What this task involves:
Copy out the data in full and exactly, passing over the pictures.
Start of Extracted material
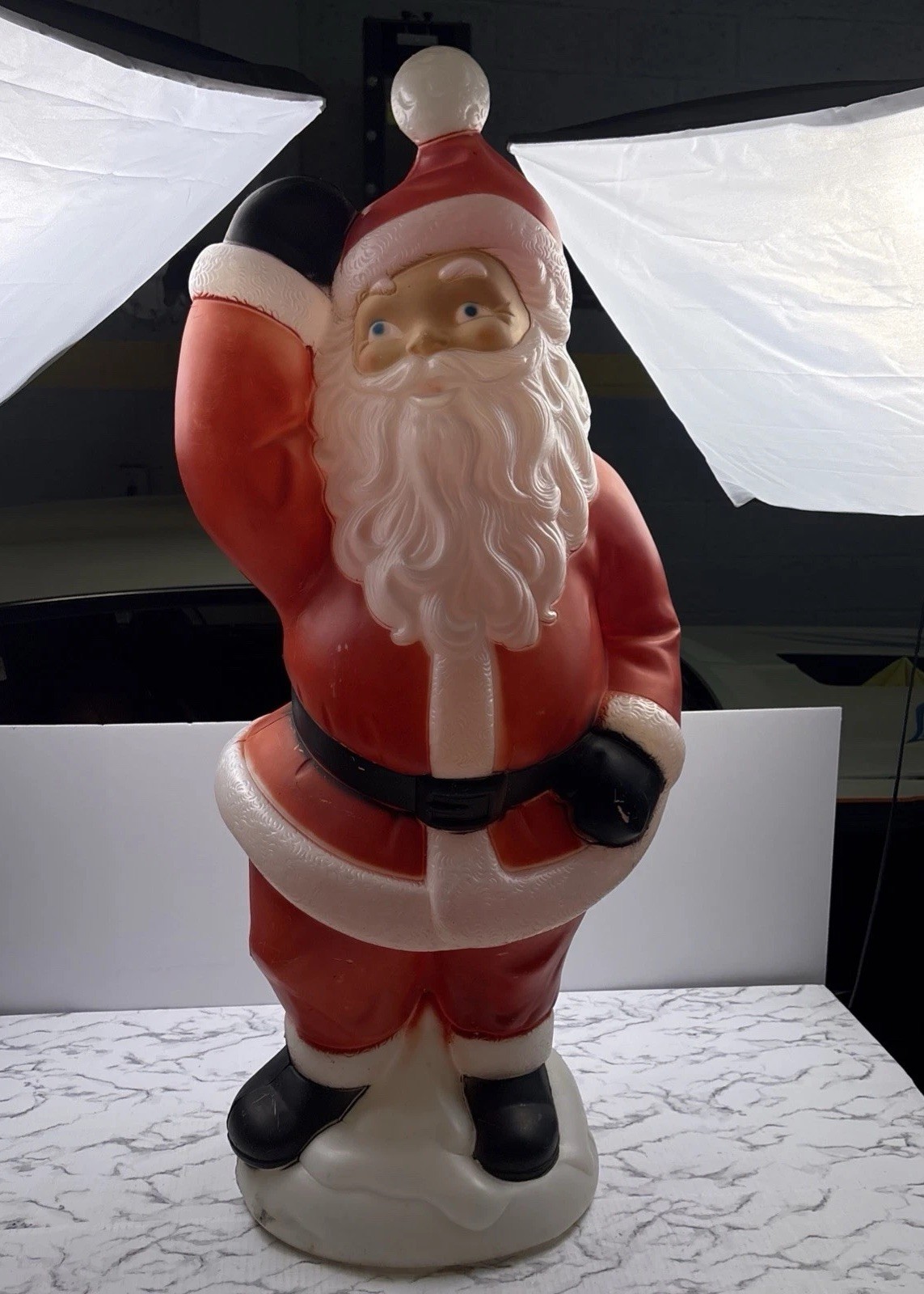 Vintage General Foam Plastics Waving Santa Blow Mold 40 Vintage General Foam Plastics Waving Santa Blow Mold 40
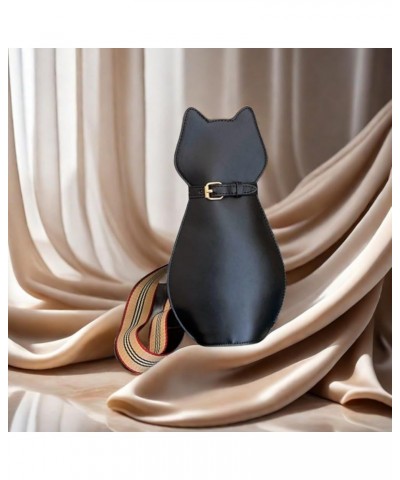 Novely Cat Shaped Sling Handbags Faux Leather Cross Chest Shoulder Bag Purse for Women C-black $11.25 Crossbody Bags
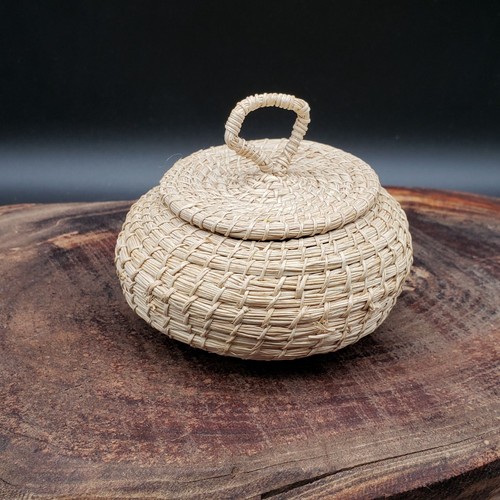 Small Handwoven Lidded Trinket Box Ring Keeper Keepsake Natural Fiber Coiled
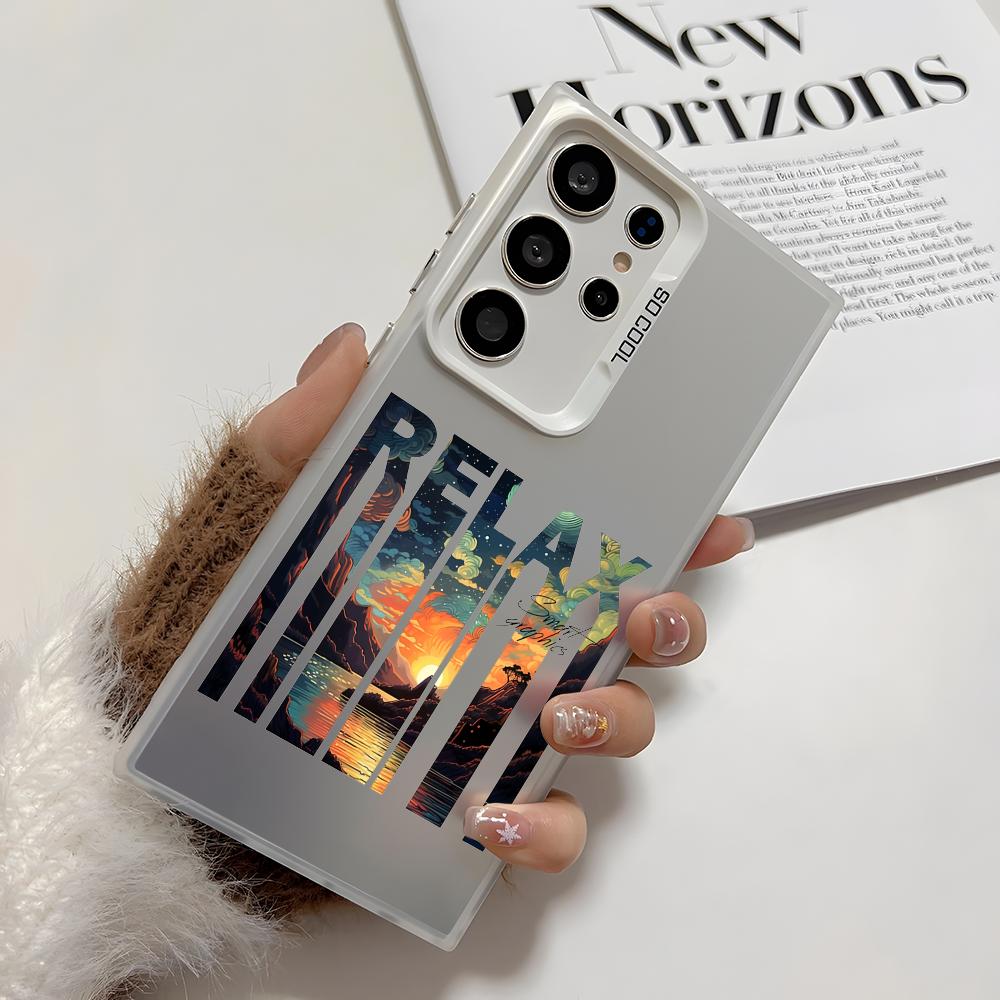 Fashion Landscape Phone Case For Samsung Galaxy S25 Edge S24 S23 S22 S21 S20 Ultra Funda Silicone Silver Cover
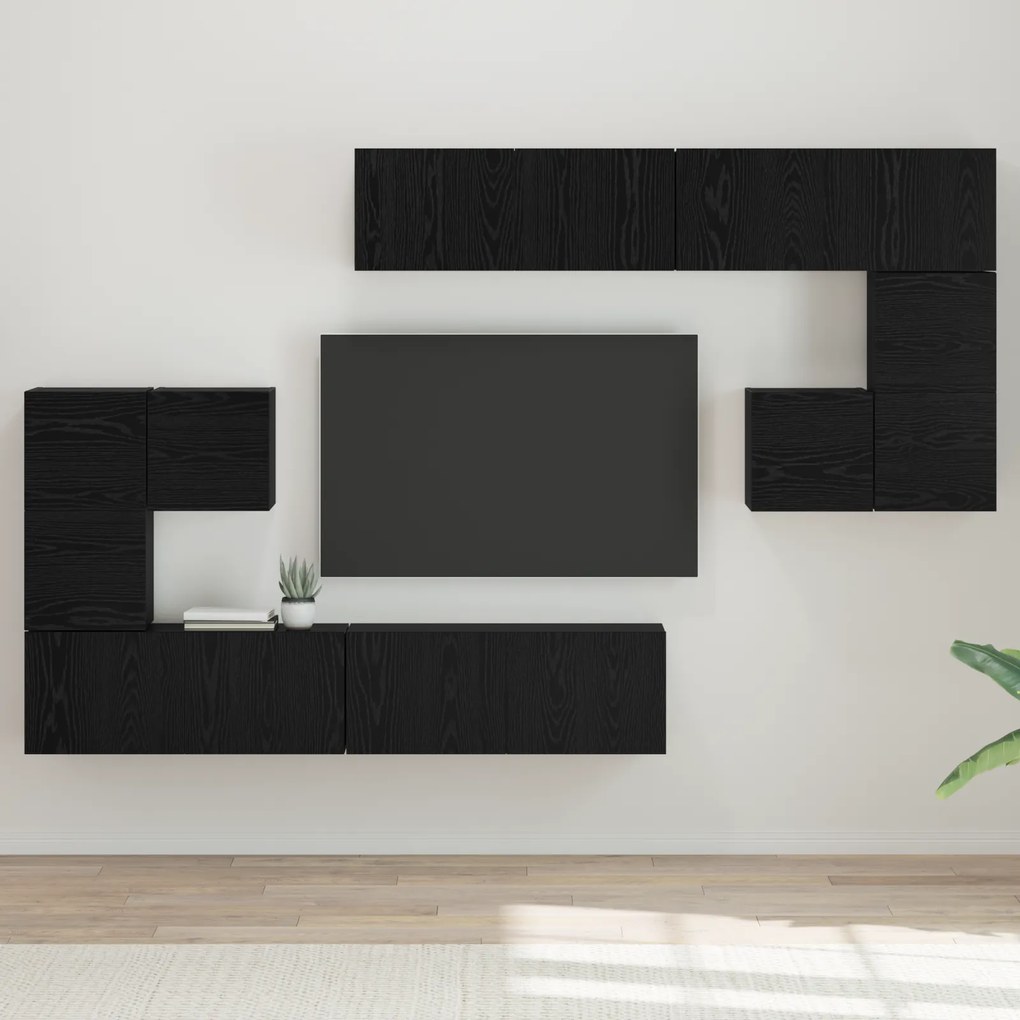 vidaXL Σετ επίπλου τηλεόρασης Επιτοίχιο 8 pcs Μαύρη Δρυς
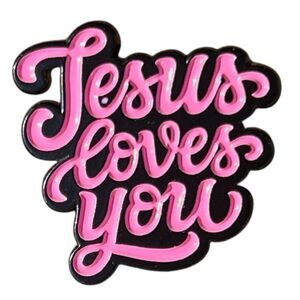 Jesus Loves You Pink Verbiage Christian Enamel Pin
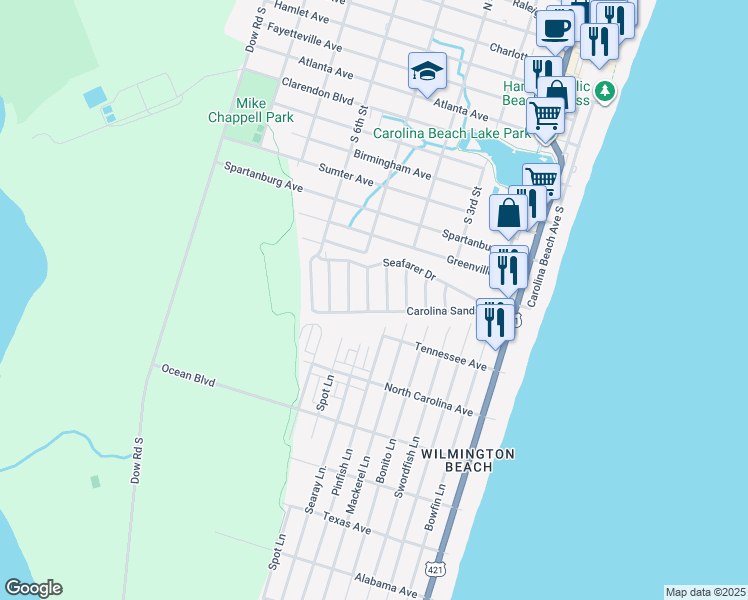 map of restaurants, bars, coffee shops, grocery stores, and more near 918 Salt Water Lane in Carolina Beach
End of Extracted material
Finished task:
 Vintage General Foam Plastics Waving Santa Blow Mold 40 Vintage General Foam Plastics Waving Santa Blow Mold 40
 Novely Cat Shaped Sling Handbags Faux Leather Cross Chest Shoulder Bag Purse for Women C-black $11.25 Crossbody Bags
 Small Handwoven Lidded Trinket Box Ring Keeper Keepsake Natural Fiber Coiled
 Fashion Landscape Phone Case For Samsung Galaxy S25 Edge S24 S23 S22 S21 S20 Ultra Funda Silicone Silver Cover
 vidaXL Σετ επίπλου τηλεόρασης Επιτοίχιο 8 pcs Μαύρη Δρυς
 Jesus Loves You Pink Verbiage Christian Enamel Pin
 map of restaurants, bars, coffee shops, grocery stores, and more near 918 Salt Water Lane in Carolina Beach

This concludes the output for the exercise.